_Supplied data_.

Content starts

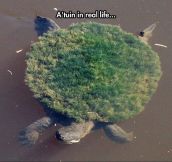 Real Life A’tuin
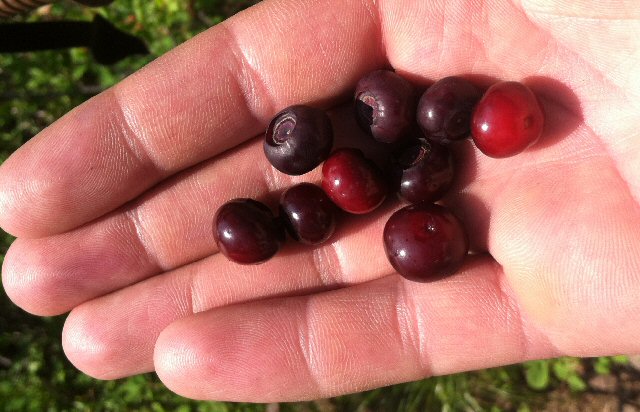 Handful of big huckleberries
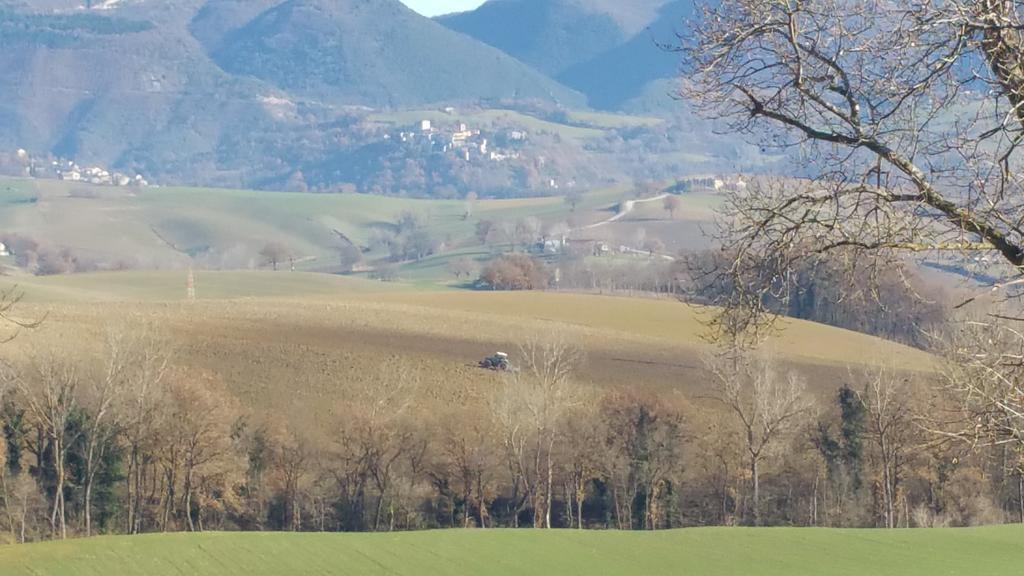 Pietra Maula Agriturismo Castelraimondo エクステリア 写真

Content ends

_Prompt_. The full listing, reproduced exactly and without pictures, is the expected output.

_Exercise output_.
 Real Life A’tuin
 Handful of big huckleberries
 Pietra Maula Agriturismo Castelraimondo エクステリア 写真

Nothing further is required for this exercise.